As associações ambientalistas que mais se têm pronunciado sobre a intenção de instalar um aeroporto no Montijo mostram-se estupefactas com as notícias divulgadas esta quarta-feira, de que o Governo pretende acabar com a Avaliação Ambiental Estratégica (AAE) em curso e entregar uma nova ao Laboratório Nacional de Engenharia Civil (LNEC), ao mesmo tempo que diz que quer começar com as obras no Montijo daqui a cerca de um ano. “Nem sei o que hei-de dizer”, admite Domingos Leitão, da Sociedade Portuguesa para o Estudo das Aves (SPEA). “É preciso esclarecer primeiro qual é o teor desta decisão”, diz Francisco Ferreira, da Zero.

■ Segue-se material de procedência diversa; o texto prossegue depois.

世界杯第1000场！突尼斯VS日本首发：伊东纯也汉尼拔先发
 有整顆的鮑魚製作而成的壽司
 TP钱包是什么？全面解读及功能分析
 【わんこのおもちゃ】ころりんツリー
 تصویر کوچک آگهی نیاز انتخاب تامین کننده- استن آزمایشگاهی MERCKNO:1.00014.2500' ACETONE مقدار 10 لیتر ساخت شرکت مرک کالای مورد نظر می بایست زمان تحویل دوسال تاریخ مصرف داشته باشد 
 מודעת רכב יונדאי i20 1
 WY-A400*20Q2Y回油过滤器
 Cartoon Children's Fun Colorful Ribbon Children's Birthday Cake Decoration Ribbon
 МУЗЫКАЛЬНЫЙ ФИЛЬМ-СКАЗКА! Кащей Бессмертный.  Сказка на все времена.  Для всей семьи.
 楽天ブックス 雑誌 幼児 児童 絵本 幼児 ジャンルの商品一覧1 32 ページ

As duas associações, outras seis que as acompanham numa acção que interpuseram em tribunal pedindo a nulidade da Declaração de Impacto Ambiental (DIA) para a instalação de um aeroporto civil no Montijo, e a Quercus estavam a preparar uma declaração conjunta que deve ser divulgada ainda esta noite, mas, para já, dizem precisar de mais informações. Porque o que veio a público, dizem, é pouco esclarecedor.

“Lamento que os decisores deste país ainda não tenham percebido que esta é uma decisão política, mas que tem de ser fundamentada tecnicamente. E enquanto não perceberem isso, andamos a enrolar. Tomam todos os portugueses por gente pouco letrada. O tempo de dizerem que se faz ali e irem estudar essa opção a seguir já passou. Primeiro tem de se estudar, fazer a avaliação e comparar todas as alternativas possíveis, senão, estão a cumprir uma formalidade, mas a AAE não cumpre a sua função”, defende Domingos Leitão.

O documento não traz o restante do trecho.